BEGIN Task data

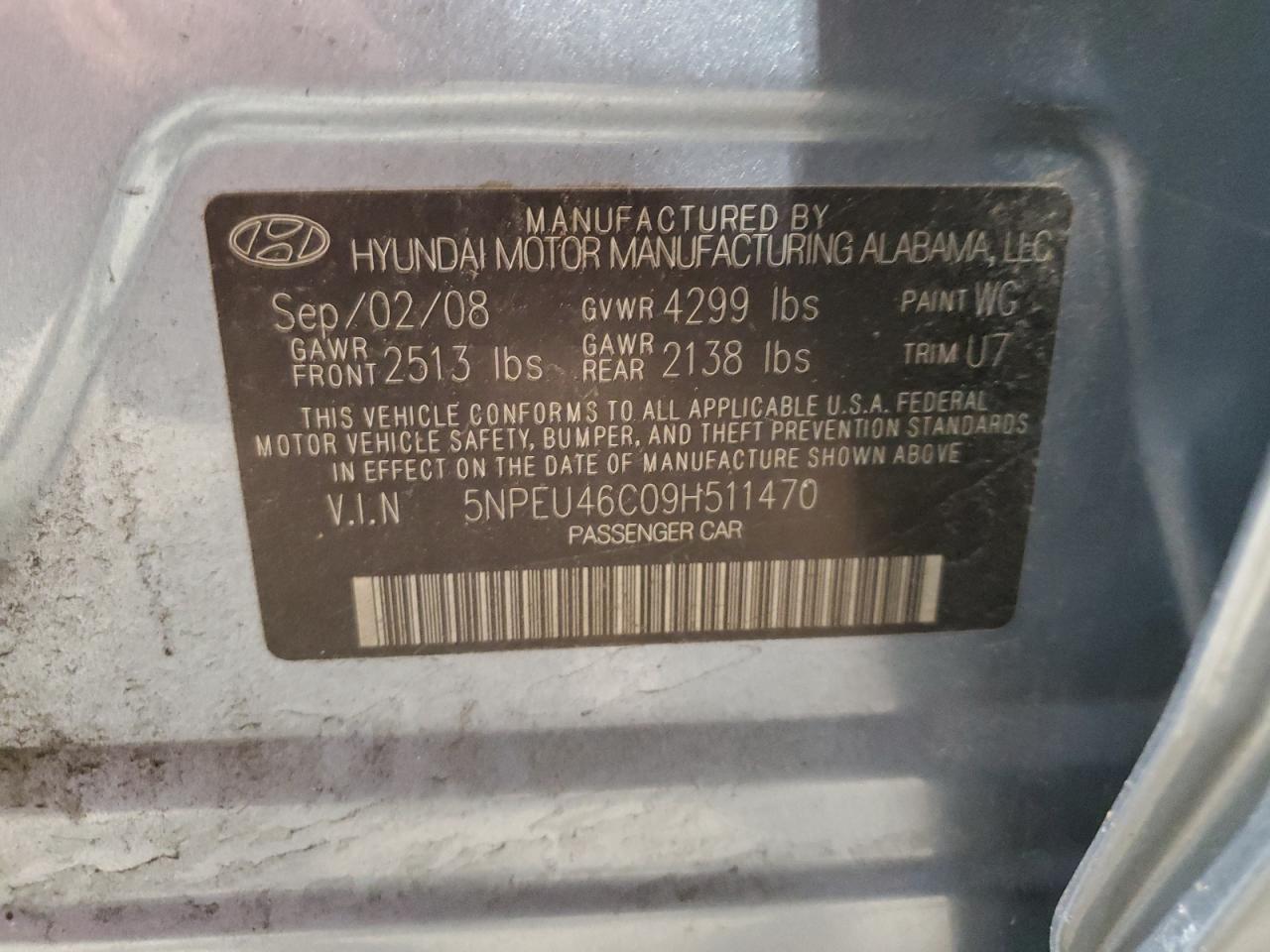 5NPEU46C09H511470 2009 Hyundai Sonata Se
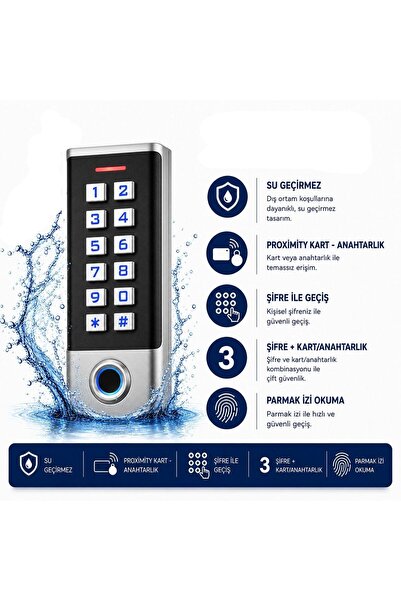 SARKEY SR-211 EM-W Parmak İzi Kart Okuyucu 125 KHz IP68 Şifreli Biyometrik Ge...
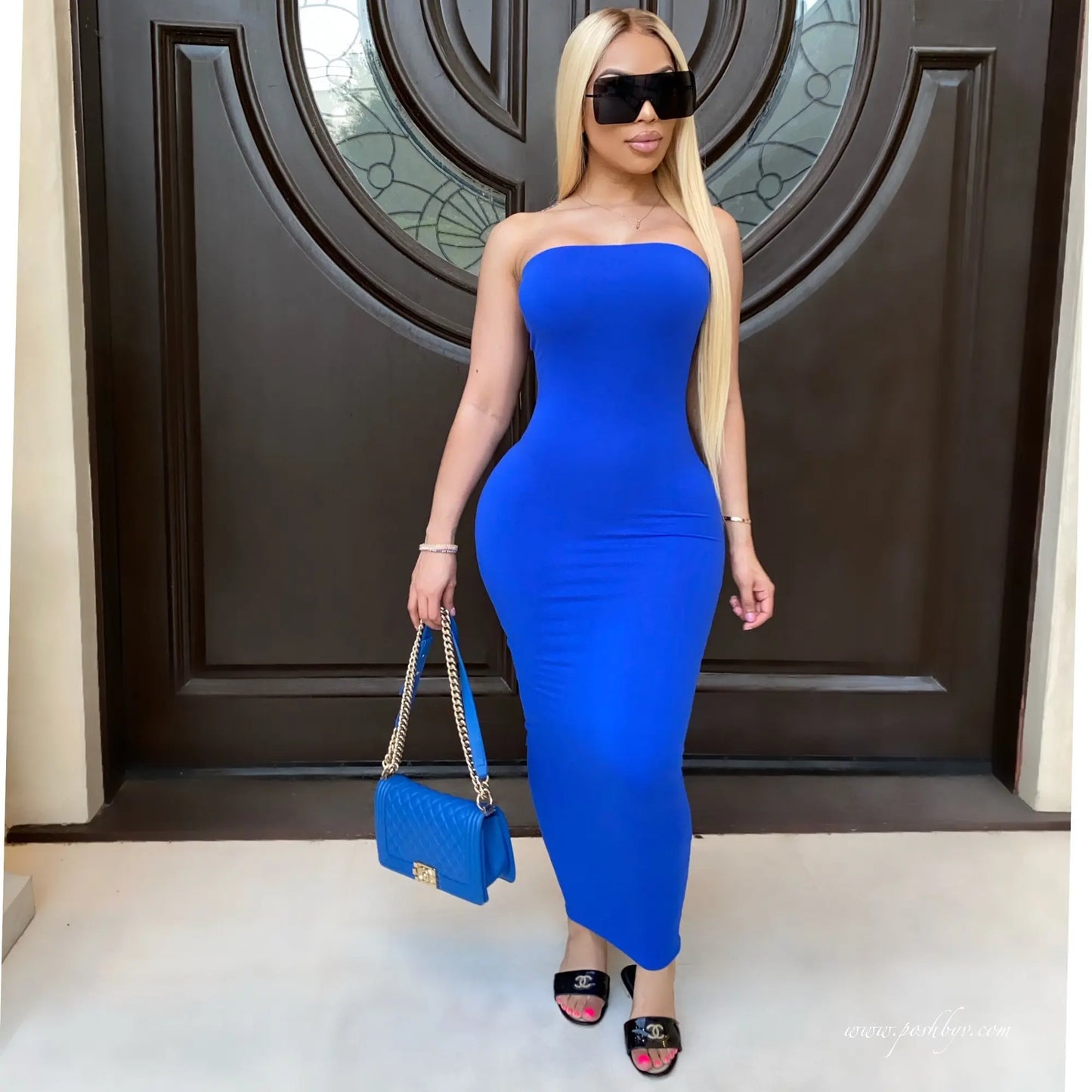 Summer Women's Sexy Sleeveless Chest Wrapped Long Beach Dress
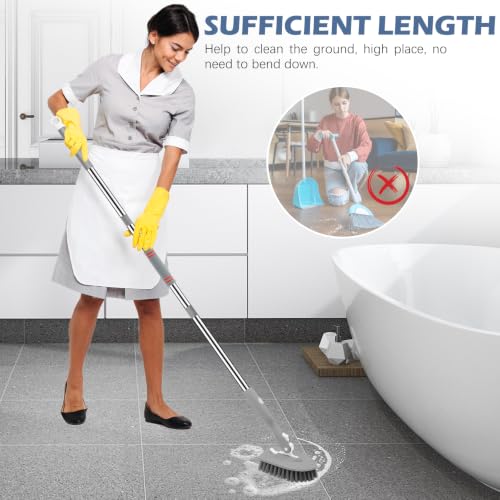 4-in-1 Tile Tub Floor Scrubber with V-Shaped Grout Brush, Gray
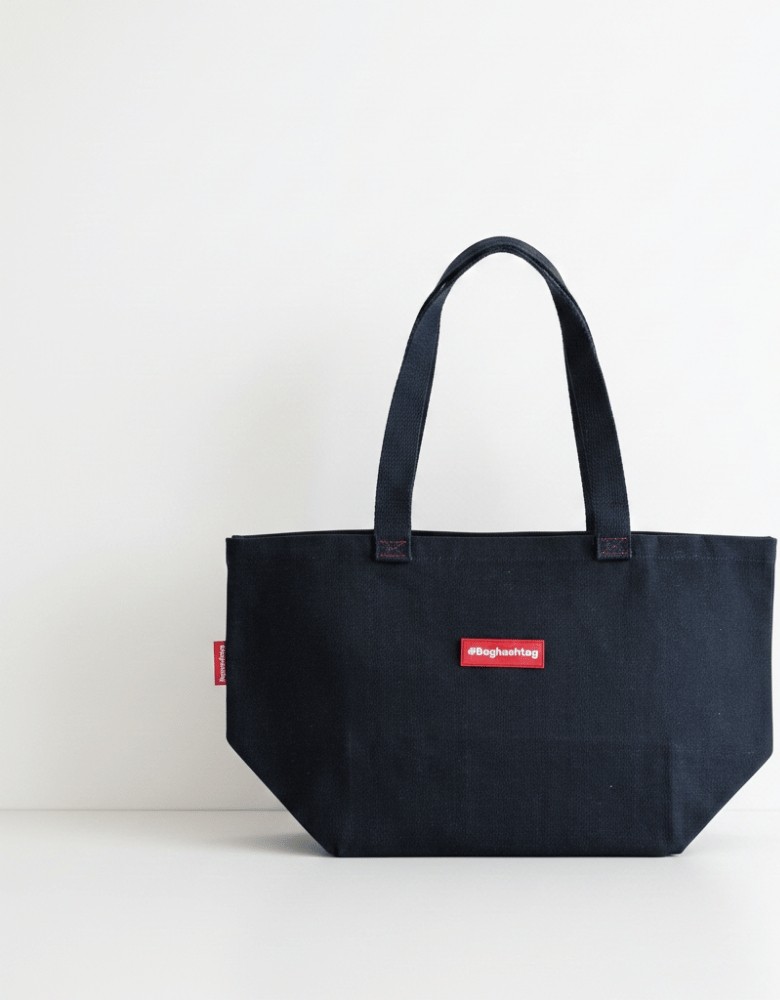 Baghashtag Siyah Gabardin Tote Çanta görsel 6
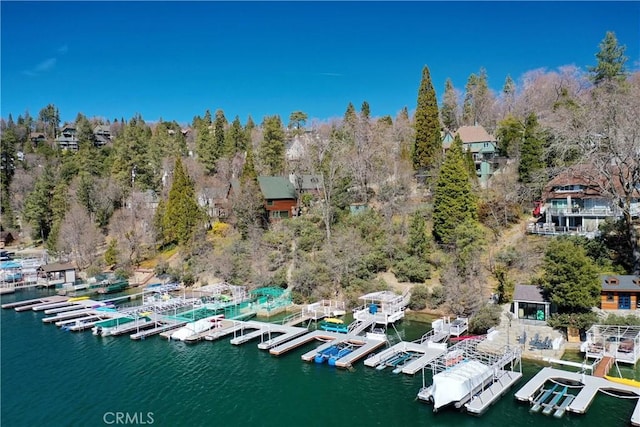 28019 N Shore Rd, Lake Arrowhead, CA 92352 - aerial view of numerous boat docks and a nearby body of water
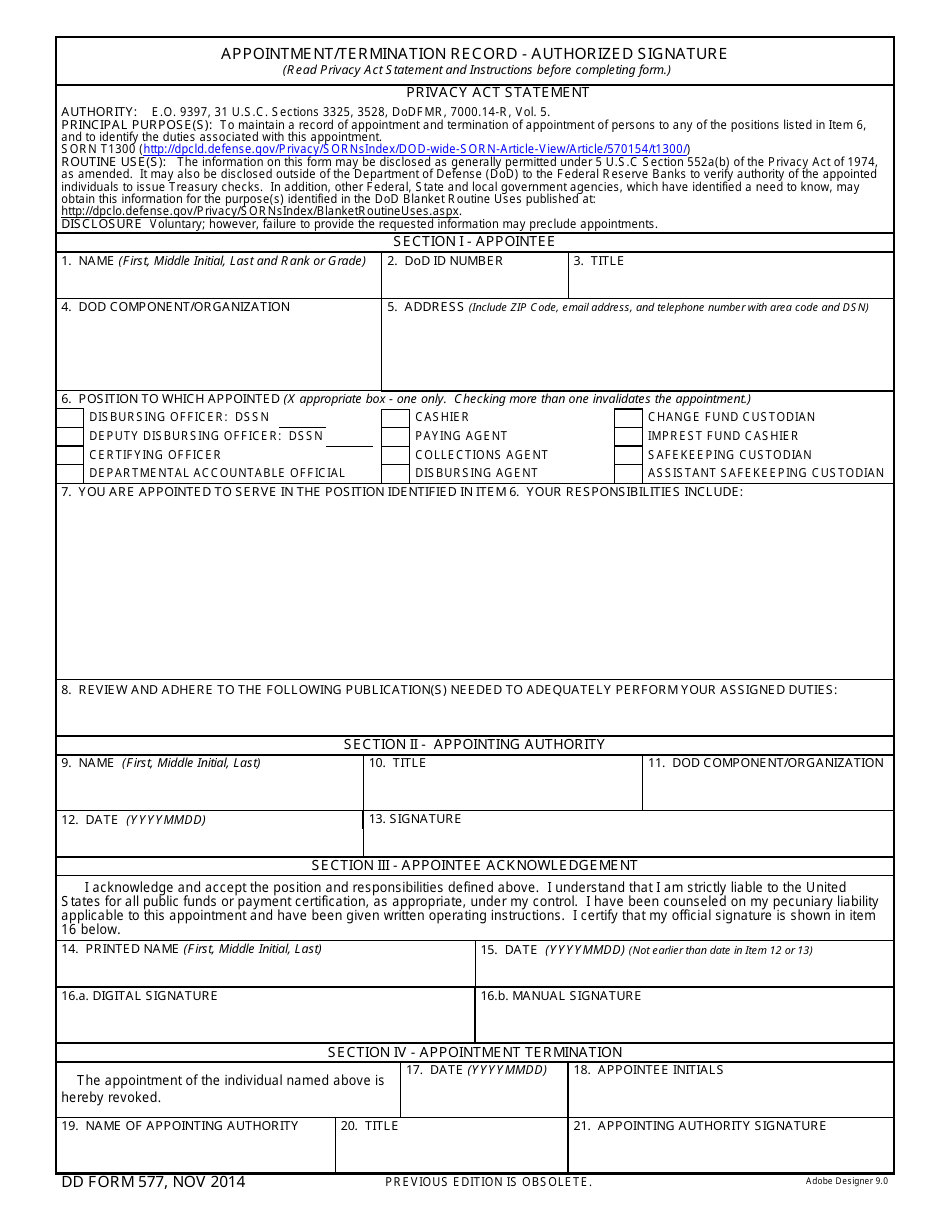 DD Form 577 Appointment / Termination Record - Authorized Signature, Page 1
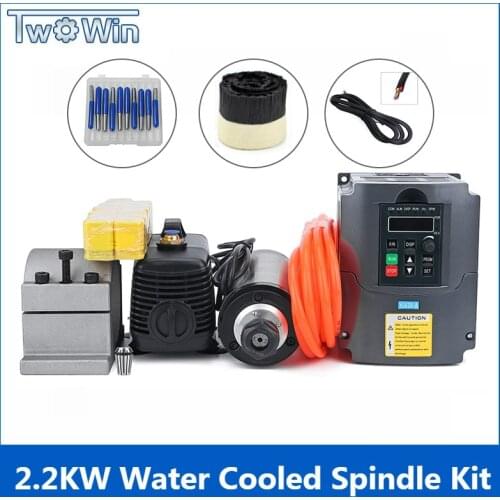 2.2KW Water Cooled Spindle Kit CNC Milling Spindle Motor + 2.2KW VFD + 80mm clamp + water pump/pipe +13pcs ER20 for CNC Router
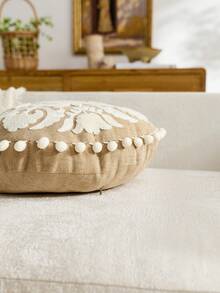 1件传统骆驼图案刺绣圆形抱枕套，春夏花卉图案，适合室内装饰，四季皆宜，不含枕芯 - 駝色 - 查看 9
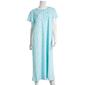 Womens White Orchid Short Sleeve Soft Floral Pin Tuck Nightgown - image 1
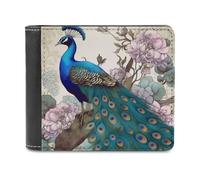 QMNRTK Geldbörse aus Leder, Pfauenmuster, für Damen und Herren, RFID-blockierend, extra Kapazität, ultrastarke Nähte, schlanke Geldscheinfach mit 8 Kartenfächern, Stil, Einheitsgröße, Stil:,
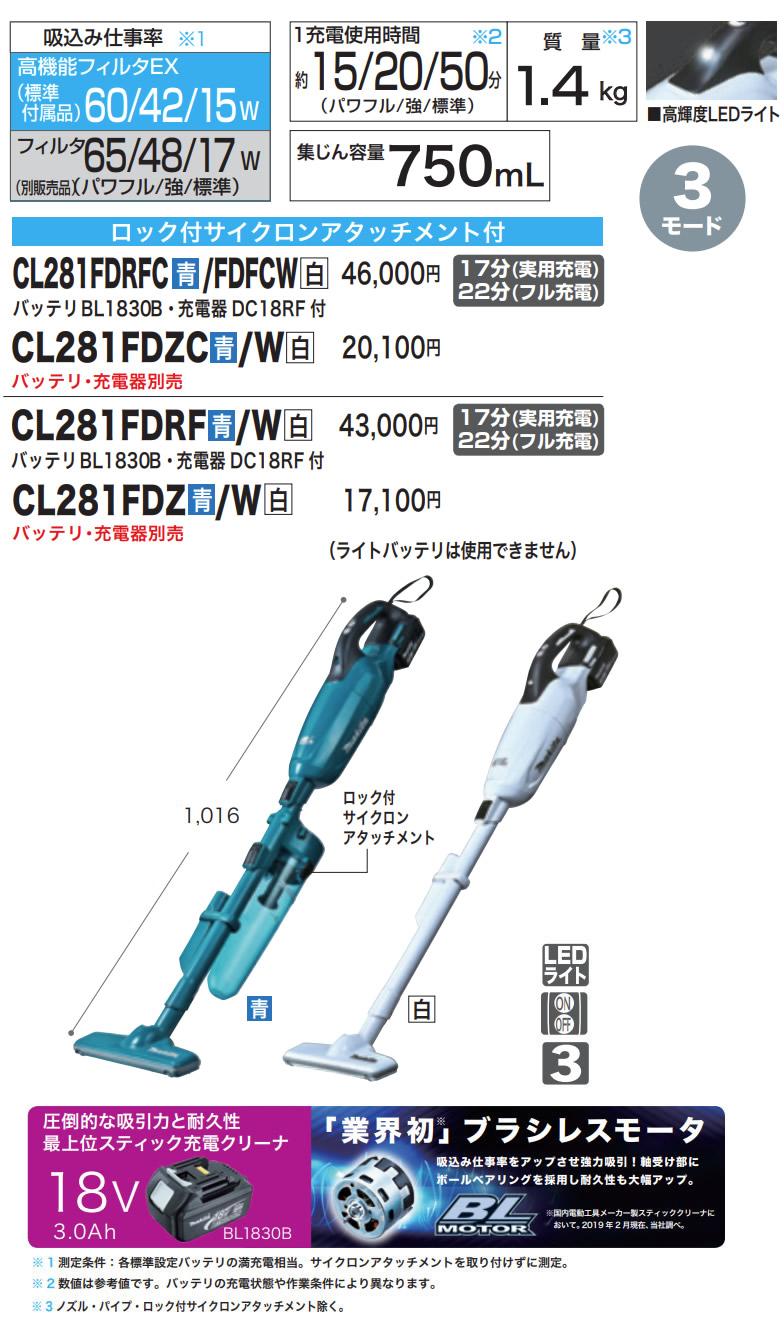 マキタ コードレス掃除機 充電式クリーナ ワンタッチスイッチ式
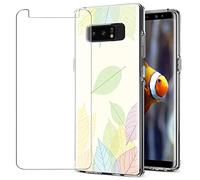 MadBee Galaxy Note 8 Case + Tempered Glass Screen Protector, Colorful Pattern Printed Design Clear Soft Flexible TPU Protective Cover Case for Samsung Galaxy Note 8 (Leaf 2)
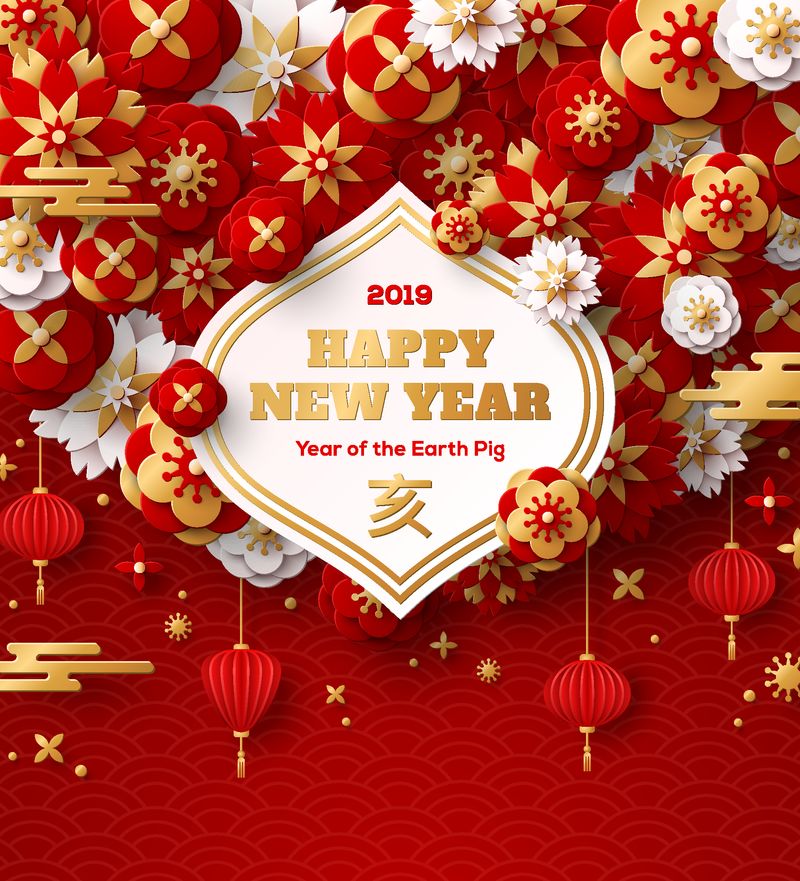 2019年新年中文贺卡-矢量图-红色背景上的金色花朵、云朵和亚洲灯笼-十二生肖符号猪的象形文字翻译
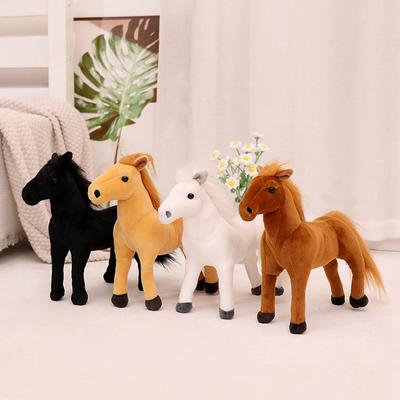 Simulations-Pony-Puppe Plüschtier Weißes Drachenpferd Schwarzes Pferd Puppe Puppe Kinder Kognitives Modellspielzeug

END Task data

=== Task goal ===
Verbatim transcription needed, from the opening line of the entries above through the line containing "Womens White Orchid"; pictures do not belong in it.

=== Written reply ===
 5NPEU46C09H511470 2009 Hyundai Sonata Se
 SARKEY SR-211 EM-W Parmak İzi Kart Okuyucu 125 KHz IP68 Şifreli Biyometrik Ge...
 Summer Women's Sexy Sleeveless Chest Wrapped Long Beach Dress
 4-in-1 Tile Tub Floor Scrubber with V-Shaped Grout Brush, Gray
 Baghashtag Siyah Gabardin Tote Çanta görsel 6
 28019 N Shore Rd, Lake Arrowhead, CA 92352 - aerial view of numerous boat docks and a nearby body of water
 DD Form 577 Appointment / Termination Record - Authorized Signature, Page 1
 2.2KW Water Cooled Spindle Kit CNC Milling Spindle Motor + 2.2KW VFD + 80mm clamp + water pump/pipe +13pcs ER20 for CNC Router
 1件传统骆驼图案刺绣圆形抱枕套，春夏花卉图案，适合室内装饰，四季皆宜，不含枕芯 - 駝色 - 查看 9
 Womens White Orchid Short Sleeve Soft Floral Pin Tuck Nightgown - image 1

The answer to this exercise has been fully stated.